Shop vacancies in the city centre have fallen steadily from their peak above 30 per cent during the pandemic, and are now sitting at 4.6 per cent, edging down from 6.1 per cent in 2025.
Commercial real estate agency Fitzroys said hospitality, food, beverage and entertainment businesses are the driving interest in street-facing shops, including those in arcades and shopping centres.
“Over the past year, the segment increased in representation of the overall tenancy mix to 49.4 per cent,” its latest annual Walk the CBD report states.
The number of empty shops in central Melbourne is now at a long-term low.
Swanston Street, which during the pandemic was a minefield of empty storefronts, has a vacancy rate of just 1.9 per cent. Nearby on Little Bourke Street, vacancy has tightened to 1.1 per cent.
The long-awaited completion of Melbourne’s Metro Tunnel network spurred leasing activity around the Town Hall and State Library station entrances which disgorge thousands of passengers daily. “Since it’s opened, it’s just absolutely booming around those particular parts of the city,” Fitzroys leasing agent James Lockwood said.
Building owners at the top end of Swanston Street near RMIT University are commanding rents around $5000 a square metre. Further south along the street, rents are closer to $3500.
“We’re starting to see those green shoots where rent is starting to increase. It’s a pretty simple supply and demand proposition. There’s less vacancy so, obviously, with more competition rents are starting to grow,” Lockwood said.
Chinatown’s vacancy last year was 6.6 per cent. This year, it’s fallen to 3.5 per cent and the appetite from businesses normally wanting to lease in the eastern half of Little Bourke Street is spilling over into Swanston, Russell, Exhibition and Lonsdale streets, he said.
Leasing is strong in Bourke Street Mall. Two upmarket perfume purveyors recently signed in Royal Arcade. Creed Perfume took a 32 square metre space, paying around $3000 per square metre, and luxury French fragrance house Parfums De Marly set up shop in a 61 square metre space for around $2500 per square metre.
The rosier retail outlook, however, hasn’t lifted upmarket Collins Street. More shops were empty (6 per cent) on the street that hosts luxury labels like Emporio Armani, Van Cleef & Arpels and Jimmy Choo than the year before. Nearby, in Exhibition Street vacancy was also higher.
Pascal Huron has operated his small French casse-croûte in Little Collins Street off Coromandel Place, selling baguettes to hungry lunchtime workers, for nearly five months.
It took him nearly two years to find the right space, a small 17 square metre shopfront. “I wanted to bring a real French casse-croûte to the Paris centre of Melbourne – something small, fast and good quality for the workers around here. I didn’t want a big, expensive cafe. In a small space, I can keep the costs under control. You’ve got less rent, staff, and it’s easier to work,” Huron said.

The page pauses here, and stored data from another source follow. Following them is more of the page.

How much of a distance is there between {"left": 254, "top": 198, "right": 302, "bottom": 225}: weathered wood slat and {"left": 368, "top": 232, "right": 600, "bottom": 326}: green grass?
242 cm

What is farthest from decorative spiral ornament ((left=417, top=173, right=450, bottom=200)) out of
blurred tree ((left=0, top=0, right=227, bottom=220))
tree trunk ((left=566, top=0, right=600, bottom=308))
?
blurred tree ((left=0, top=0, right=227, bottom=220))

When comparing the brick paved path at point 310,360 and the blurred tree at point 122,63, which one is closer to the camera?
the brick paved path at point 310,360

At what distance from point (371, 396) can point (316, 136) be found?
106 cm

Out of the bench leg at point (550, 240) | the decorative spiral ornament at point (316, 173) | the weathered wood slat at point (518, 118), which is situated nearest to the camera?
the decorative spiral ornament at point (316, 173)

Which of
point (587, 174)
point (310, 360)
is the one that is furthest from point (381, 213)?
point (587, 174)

He says city workers are returning to office towers nearby, and generally working more days in the week. “They tend to work three days. Before, a couple of years ago, it was more like one to two days in town,” he said. “I’m getting busier and busier every day, so I’m very happy.”
Recent analysis by Bloomberg Intelligence backs Huron’s experience.

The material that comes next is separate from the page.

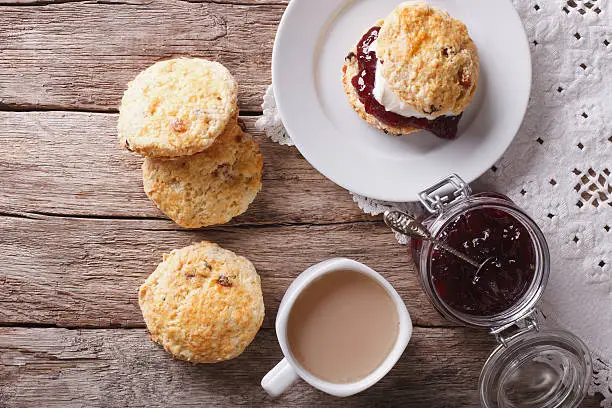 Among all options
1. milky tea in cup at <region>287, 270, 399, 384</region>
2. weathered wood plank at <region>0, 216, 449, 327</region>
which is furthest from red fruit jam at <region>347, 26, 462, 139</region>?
milky tea in cup at <region>287, 270, 399, 384</region>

It shows more than 80 per cent of workers in Sydney and Melbourne are in the office at least three days a week. Occupancy is slowly ticking up, to around 63 per cent at last count, but vacancy in the city’s towers is still historically high at 19 per cent.

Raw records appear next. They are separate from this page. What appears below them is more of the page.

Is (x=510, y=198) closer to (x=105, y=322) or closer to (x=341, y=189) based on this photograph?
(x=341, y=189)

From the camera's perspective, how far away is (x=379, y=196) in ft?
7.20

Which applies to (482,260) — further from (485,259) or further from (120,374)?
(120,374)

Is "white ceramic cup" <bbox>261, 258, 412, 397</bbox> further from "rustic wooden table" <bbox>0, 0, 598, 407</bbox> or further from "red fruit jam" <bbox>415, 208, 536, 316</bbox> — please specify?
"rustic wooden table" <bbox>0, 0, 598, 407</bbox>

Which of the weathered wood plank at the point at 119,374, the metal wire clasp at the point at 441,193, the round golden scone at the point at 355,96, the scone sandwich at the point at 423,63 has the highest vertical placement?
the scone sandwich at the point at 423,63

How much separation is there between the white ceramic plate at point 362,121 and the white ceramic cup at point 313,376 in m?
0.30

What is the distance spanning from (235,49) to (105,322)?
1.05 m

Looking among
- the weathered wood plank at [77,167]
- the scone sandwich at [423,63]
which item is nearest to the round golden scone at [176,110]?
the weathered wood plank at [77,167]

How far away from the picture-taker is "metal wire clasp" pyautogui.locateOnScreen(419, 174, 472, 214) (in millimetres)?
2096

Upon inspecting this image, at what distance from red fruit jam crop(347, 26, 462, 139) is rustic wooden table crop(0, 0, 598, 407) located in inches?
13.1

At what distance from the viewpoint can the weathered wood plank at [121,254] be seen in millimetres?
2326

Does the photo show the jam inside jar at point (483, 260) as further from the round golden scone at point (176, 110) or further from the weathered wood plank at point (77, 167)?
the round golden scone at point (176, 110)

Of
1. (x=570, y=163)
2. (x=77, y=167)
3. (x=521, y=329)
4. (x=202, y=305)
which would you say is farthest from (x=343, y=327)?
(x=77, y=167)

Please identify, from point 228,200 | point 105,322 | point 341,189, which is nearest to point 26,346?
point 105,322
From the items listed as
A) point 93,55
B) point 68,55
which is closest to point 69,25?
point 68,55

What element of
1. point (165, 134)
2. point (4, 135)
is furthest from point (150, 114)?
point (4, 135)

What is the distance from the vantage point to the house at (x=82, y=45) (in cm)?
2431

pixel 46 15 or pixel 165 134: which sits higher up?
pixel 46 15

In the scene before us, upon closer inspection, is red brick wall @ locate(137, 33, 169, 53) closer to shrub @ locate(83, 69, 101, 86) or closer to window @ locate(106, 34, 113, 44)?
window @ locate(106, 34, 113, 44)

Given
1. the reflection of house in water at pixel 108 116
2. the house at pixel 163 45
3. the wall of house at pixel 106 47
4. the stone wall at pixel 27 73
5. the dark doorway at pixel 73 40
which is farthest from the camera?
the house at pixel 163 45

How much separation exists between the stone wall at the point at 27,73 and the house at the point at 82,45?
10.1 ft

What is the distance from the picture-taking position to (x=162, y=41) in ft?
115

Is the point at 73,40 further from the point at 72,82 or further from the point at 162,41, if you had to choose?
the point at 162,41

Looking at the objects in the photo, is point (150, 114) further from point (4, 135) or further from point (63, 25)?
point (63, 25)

Lockwood said retailers are not as reliant on office workers as they were in the past. “It’s a 24/7 CBD,” he said. Traders are now more active midweek and on weekends.
“The balance of more people entering the city over Friday nights and the weekends, and their combined spending power, is outweighing the lower visitor numbers being recorded on Mondays and Fridays,” he said.